SXBlog: ‘Two Step’ World Premiere

My second day at SXSW came to a close with a premiere screening of Two Step, an indie thriller/drama and director Alex Johnson’s feature debut. Boy did this film confuse me. Or more accurately, the reaction to this film confused me. The theater went absolutely nuts for this movie, and I did not enjoy it. I enjoyed parts of it; the acting is pretty good (at times very good) and it’s a pretty, atmospheric film that feels absolutely authentic to its Texas setting (trust me, I’m a native). The first 15-20 minutes of the movie set up a really interesting character drama between an orphaned college kid, James, who just lost his grandma (his caretaker after his parents) and strikes up a friendship with the 50-something neighbor, Dot, who lives across the street. That movie exists in the opening act. It exists nowhere else in the movie. So I’ve been trying to figure all that out. 

I think the audience was reacting in part to shock value. The movie turns into a thriller of sorts, with focus shifting to the villain, Webb, and his action for the remainder of the film. The shock value comes from a select few points of high violence that are physically brutal (although only partially on-screen) but driven home viscerally by the sound work. Punches have an almost comically loud value in this movie, but there’s no comedy. Gunshots abuse the silence into which they are fired. The audience visibly jumped several times. And because of the beginning of the movie, you do care about the characters upon whom the violence is being wrongfully visited (beyond basic human empathy, I mean).

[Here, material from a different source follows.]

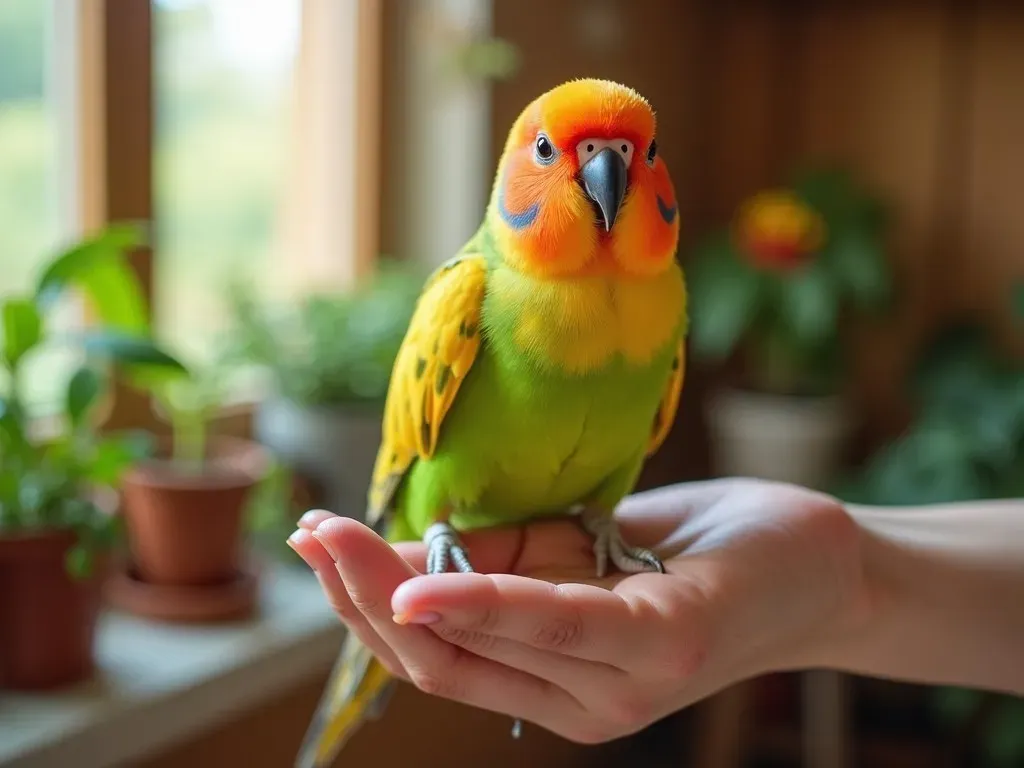 手乗りインコの魅力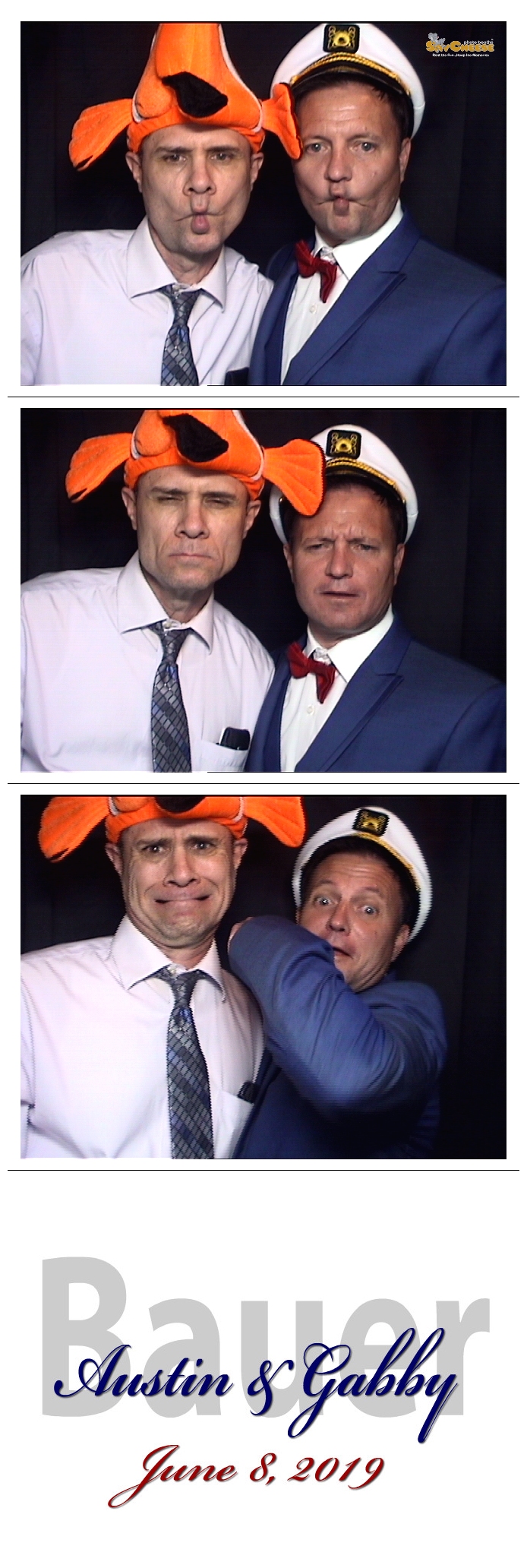 Bauer / Gregory Wedding  | View more photos from the event at gallery.saycheesephotobooth.com/u/SayCheesePhotoBooth/Bauer-Gregory-Wedding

I had an opportunity to sit down with some of the cast as well as Johnson and the film’s composer, Andrew Kenny, and it was really interesting to compare what they said to how I experienced the final film. Almost everything they talked about was absolutely in the movie, it just didn’t seem to come across quite as clearly or cohesively as expected. Nearly everyone spoke to how two of the main characters, James (Skyy Moore) and Webb (James Landry Hebert) are in many ways the opposites of one another. It definitely informs a humanity that’s brought to Webb, who’s otherwise a categorically awful person. Johnson talked about looking at Webb as an antihero, and said that Dot (Beth Broderick) is essentially what keeps James from becoming that same sort of person in the long run. He said that’s part of why he saw the opening act as key, even though the main narrative he set out to tell was the thriller story. “Webb is James without Dot.” Broderick backed up this notion very strongly. I’m not sure the movie really suggests that, but I can see the balance between the two characters that’s being attempted. I also asked Broderick about Dot’s character arc, given that she’s such a prominent figure early in the film and recedes significantly as the narrative progresses. “We [women my age] don’t have arcs,” she said. “We just are.”